The safe full of jewels
When investigators opened Zapatero’s office safe, they found jewels valued at €1.3 million. No immediate explanation was offered. The former president’s entourage first suggested a family inheritance, then, after the valuation, a gift from King Abdullah of Saudi Arabia during his 2007 state visit. Yet the version has three fissures: Zapatero did hand over two emerald watches from that visit to the national heritage collection; his spokesperson denied any Saudi origin; and the king is dead, making verification impossible. If the jewels were an institutional gift, they should have been declared under Zapatero’s own 2005 code of good governance. Instead, he may face fiscal and smuggling charges.
Esa pregunta quien tiene que responderla es el señor Zapatero, no yo.
The consultancy: no contract, only running
In his hearing, Zapatero told Judge José Luis Calama that his professional relationship with Martínez grew out of a shared hobby of running in El Pardo. They had no written contract. Calama repeatedly pressed on the “empty contracts” often used as tax screens, but Zapatero insisted he merely provided global advisory services by phone and never produced an Excel sheet. His daughters’ company also received payments, records show.
Sánchez treats an indicted predecessor as family
Prime Minister Pedro Sánchez has spoken with Zapatero “every day” and framed all revelations as matters of trust and presumption of innocence. At a Brussels press conference, he deflected questions on returning the jewels and argued that 2007 norms differed from today’s, even though the 2005 code already required declaring institutional gifts. The Socialist party has closed ranks, treating the scandal not as a corruption case but as an attack to be weathered until a likely snap election after the 2027 budget defeat.
Siempre me conduje con decencia y honradez.
- Police raid Plus Ultra airline, detain Julio Martínez.
- EL MUNDO reveals Zapatero received payments from Martínez.
- Reports show €450,000 in consultancy fees from Análisis Relevante.
- Zapatero testifies before Judge Calama, denies wrongdoing.
- Sánchez holds Brussels press conference, deflects on jewels.

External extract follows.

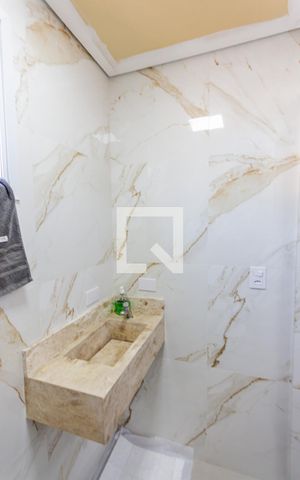 Apartamento à venda com 135m², 4 quartos e 2 vagas Apartamento à venda com 135m², 4 quartos e 2 vagasBanheiro de Serviço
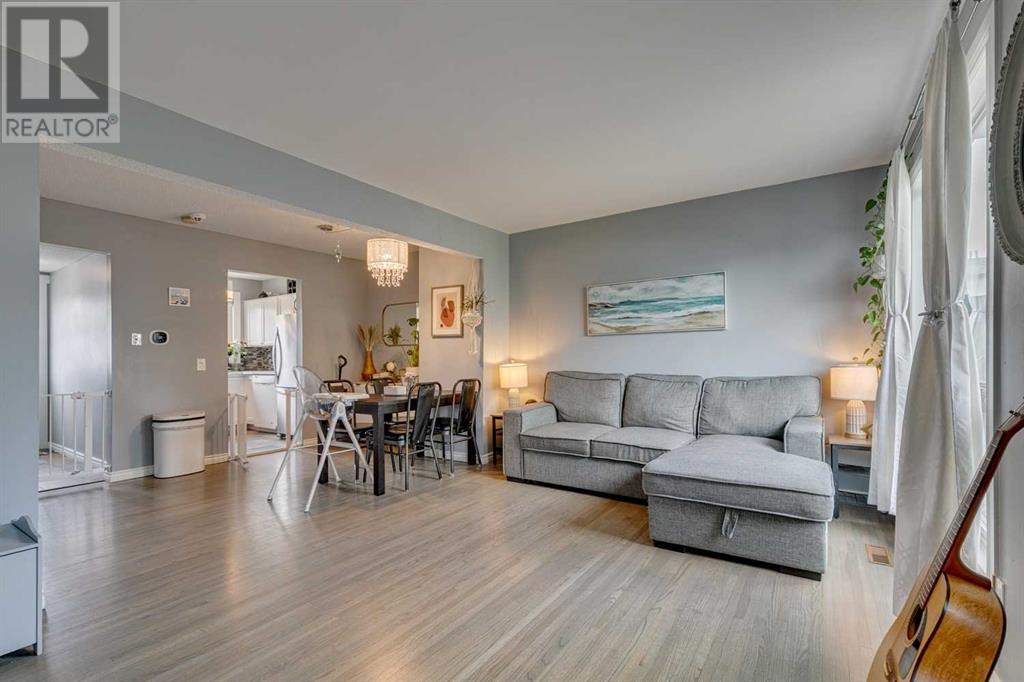 Single Family House for Sale in    Street NW Thorncliffe Calgary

Ethical rot or tactical cynicism?
Critics argue the defence normalises wrongdoing. The same politicians who once decried constitutional violations have now embraced Zapatero’s cause, shifting from principles to pragmatism. The real democratic damage, commentators warn, is not the jewels or the payments but the corrosion of accountability: when all truth becomes negotiable, the line between right and wrong blurs.